Your name is something that’s always ahead of you in terms of first impressions, even before people get to meet you.
So, really, what’s in a name? Why does it matter and why do other people go through the process of changing their names in the first place?
Everyone bears a close relationship with their respective names. And yet, sometimes, one needs to modify or adopt a new name. It can be due to a change in marital status, as a mark of embracing a new and different culture, or simply because one wants a transformation and changing one’s name is a part of it.
Some countries follow a common law where it is easy to undergo the process of a name change. In the Philippines, a law exists to make it easier and more convenient to alter your name on government records.
Here’s everything that you need to know about the process of changing your name here in the Philippines.
Republic Act No. 9048
According to the Philippine Statistics Authority (PSA), Republic Act No. 9048 authorizes the city or municipal civil registrar or the consul general to correct a clerical or typographical error in an entry and/or change of the first name or nickname in the civil register without the need of a judicial order.
It amends for this purpose Articles 376 and 412 of the Civil Code of the Philippines, which prohibits the change of name or surname of a person, or any correction or change of entry in a civil register without a judicial order.
In a nutshell, RA 9048 allows people to change their names in the national registry for the following reasons:
- The person’s administrative records show misspelling in his name
- The person’s current name causes embarrassment or is difficult to spell or pronounce
- The person’s proposed new name has been consistently in use and is known by that publicly
- The change will clear any confusion brought by the current name.
Who may file the petition?
Under Section 3 of RA 9048, it is stated that whether it is for correction of clerical or typographical error, or for a change of first name, the request may be filed by a person of legal age. Such a person must have a direct and personal interest in the correction of the error or in the change of first name in the civil register.
A person is considered of legal age when he/she is 18 years old and above. Thus, a minor, who is less than 18 years of age, cannot by himself/herself file the petition, either for correction of a clerical or typographical error or for a change of his/her first name.
Only the following persons are considered to have a direct and personal interest in the correction of clerical error or change of first name:
- Owner of the record that contains the error to be corrected or first name to be changed.
- Owner’s spouse, children, parents, brothers, sisters, grandparents, guardian, or any other person duly authorized by law or by the owner of the document sought to be corrected.
What are the supporting documents required?

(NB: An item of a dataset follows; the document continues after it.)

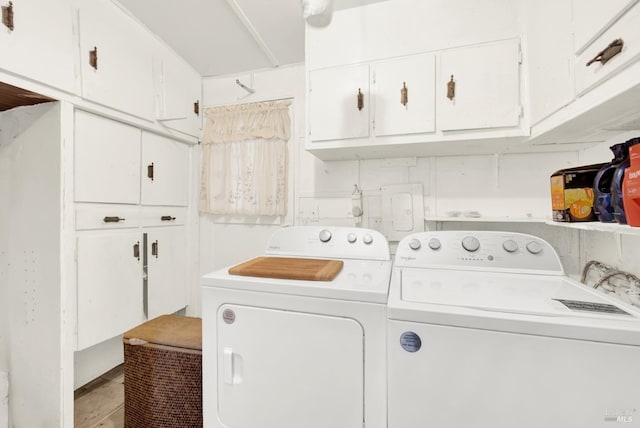 laundry room featuring cabinet space and washing machine and clothes dryer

The petition will not be processed unless the petitioner supports it with the required documents. The supporting documents should be authentic and genuine, otherwise, the petition shall be considered as null and voided, pursuant to Rule 5.8 of Administrative Order No. 1, Series of 2001.

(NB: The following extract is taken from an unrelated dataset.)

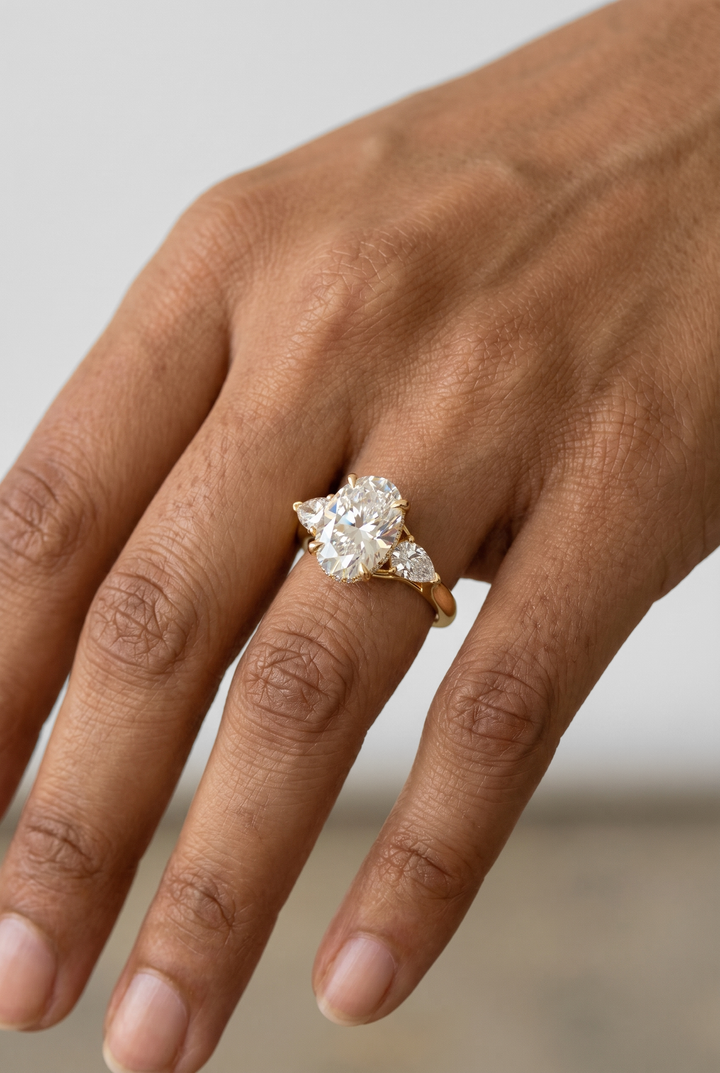 2.58 Ct Oval Lab Grown Diamond Ring with Pear Accent Diamonds in Yellow Gold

The following supporting documents are acceptable as basic requirements:
a) For correcting a clerical or typographical error in a civil registry document:
- Certified true copy of the certificate containing the alleged erroneous entry or entries.
- Not less than two public or private documents, upon which the correction shall be based. Examples are:
- Baptismal certificate
- Bank passbook
- Business record
- Certificate of land transfer
- Civil registry records of ascendants
- Driver’s license
- Employment record
- GSIS/SSS record
- Land titles
- Marriage Contract (if applicable)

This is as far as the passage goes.